--- Activity ---
Return every record verbatim, omitting all pictures.

--- Data supplied ---
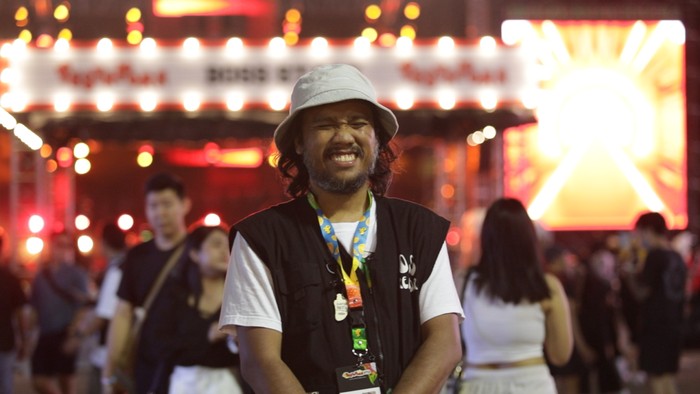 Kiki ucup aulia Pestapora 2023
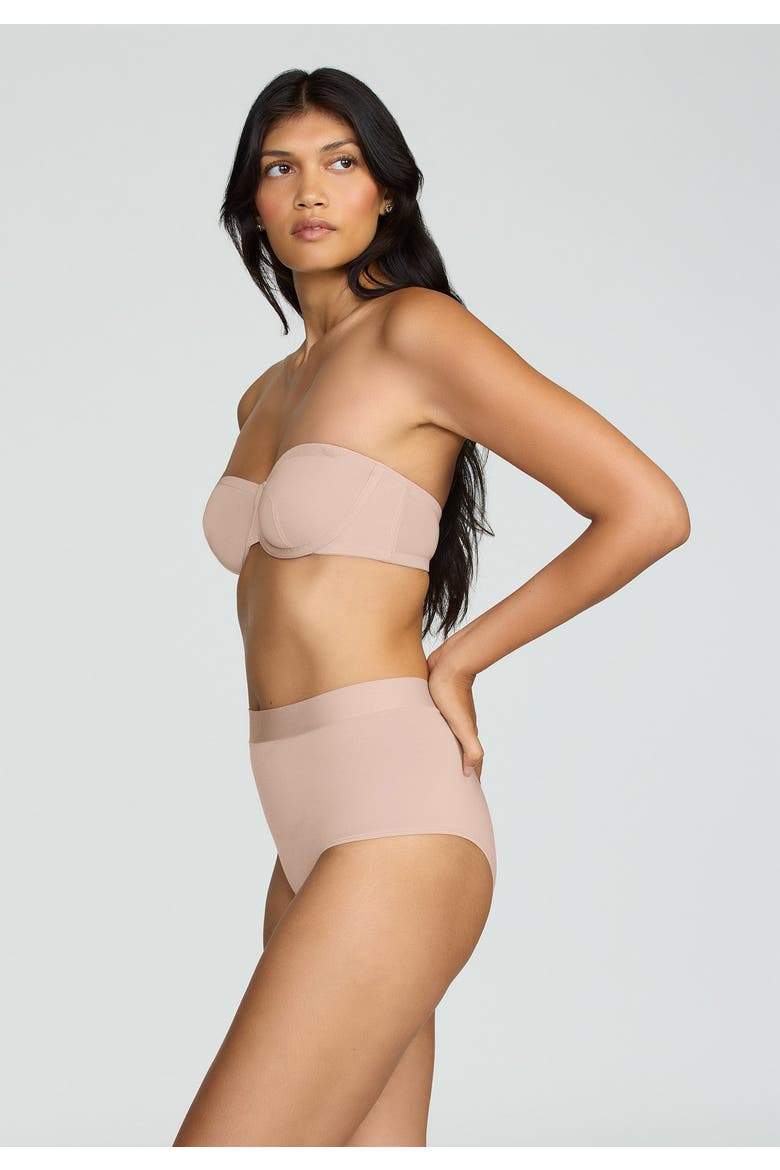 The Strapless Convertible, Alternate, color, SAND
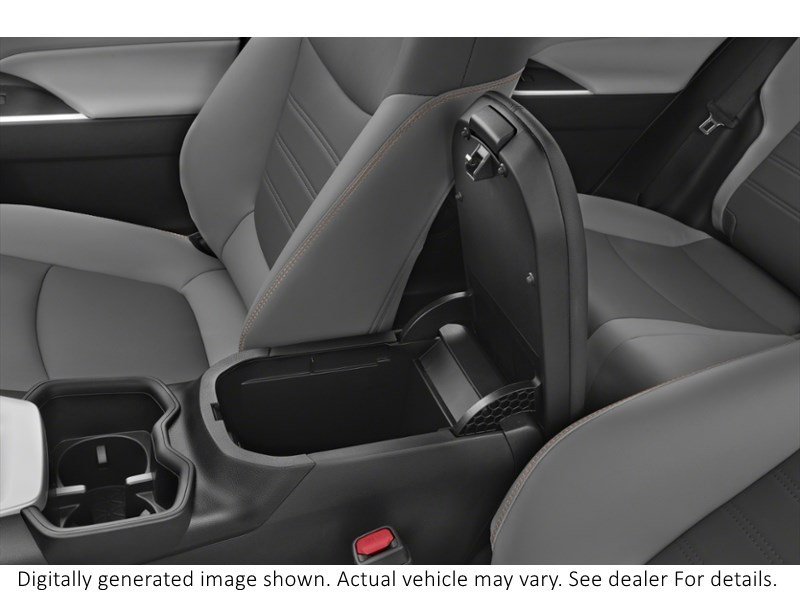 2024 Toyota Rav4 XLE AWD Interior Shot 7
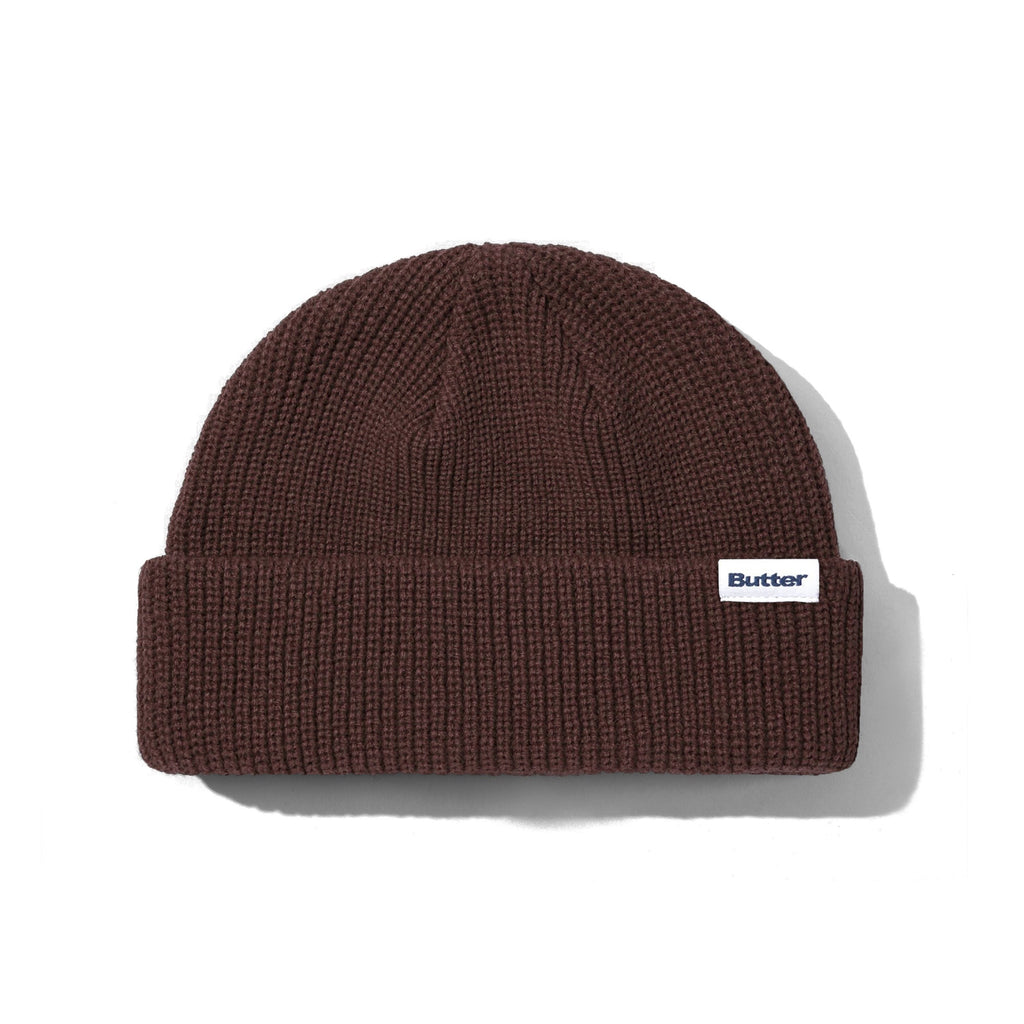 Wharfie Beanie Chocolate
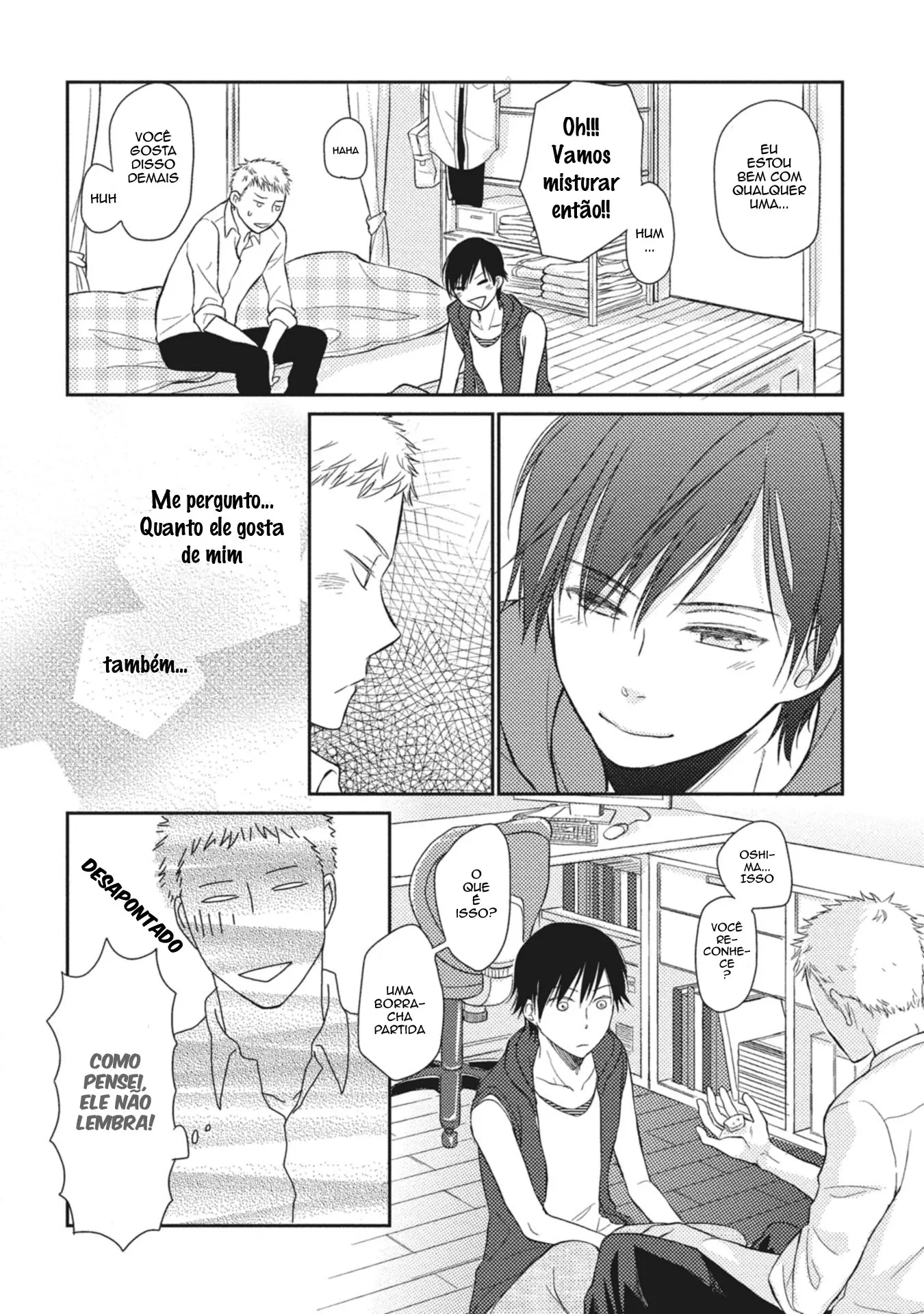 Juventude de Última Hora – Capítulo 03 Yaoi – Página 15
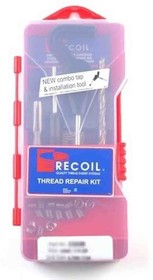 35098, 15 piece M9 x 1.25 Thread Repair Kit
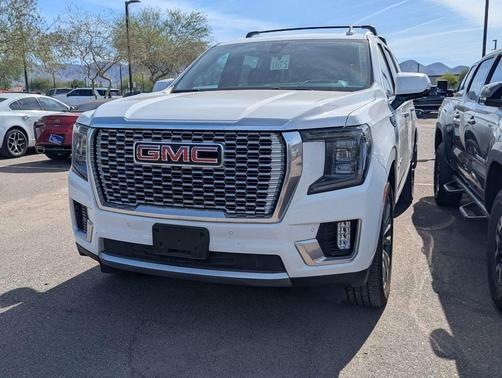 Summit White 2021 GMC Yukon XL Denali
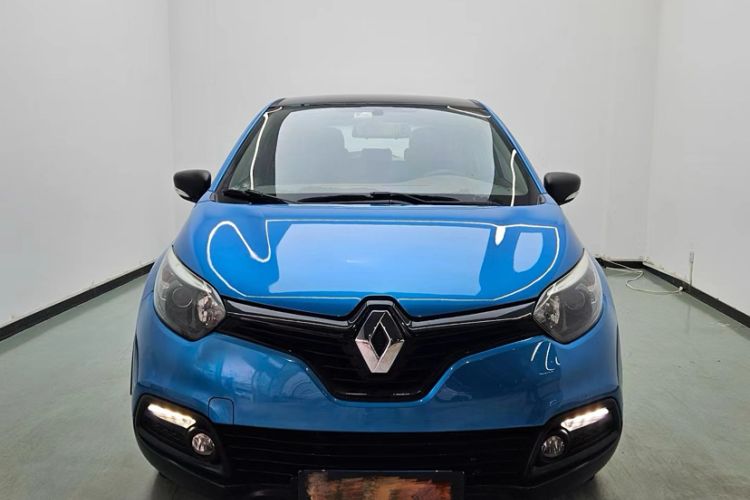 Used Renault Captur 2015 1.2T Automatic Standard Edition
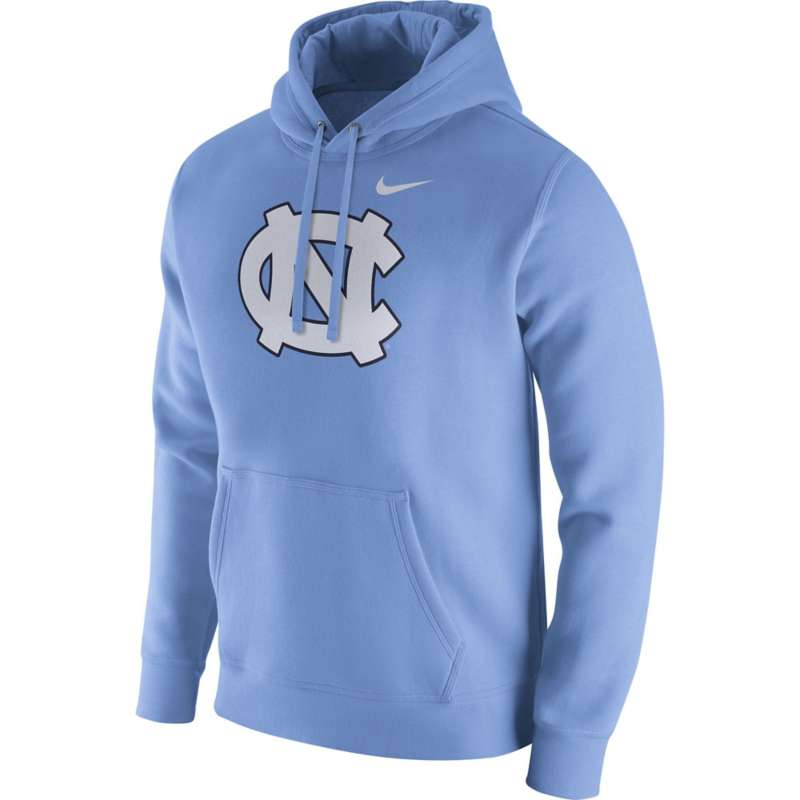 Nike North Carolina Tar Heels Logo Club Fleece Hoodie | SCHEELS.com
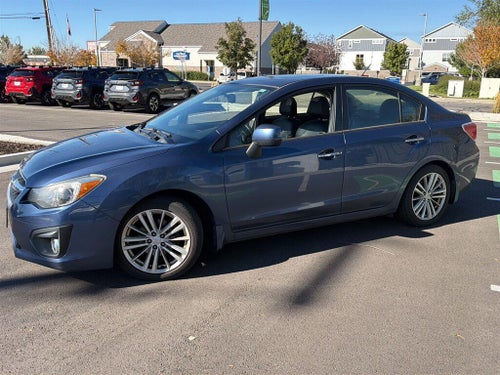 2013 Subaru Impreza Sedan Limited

--- Answer space ---
 Kiki ucup aulia Pestapora 2023
 The Strapless Convertible, Alternate, color, SAND
 2024 Toyota Rav4 XLE AWD Interior Shot 7
 Wharfie Beanie Chocolate
 Juventude de Última Hora – Capítulo 03 Yaoi – Página 15
 35098, 15 piece M9 x 1.25 Thread Repair Kit
 Summit White 2021 GMC Yukon XL Denali
 Used Renault Captur 2015 1.2T Automatic Standard Edition
 Nike North Carolina Tar Heels Logo Club Fleece Hoodie | SCHEELS.com
 2013 Subaru Impreza Sedan Limited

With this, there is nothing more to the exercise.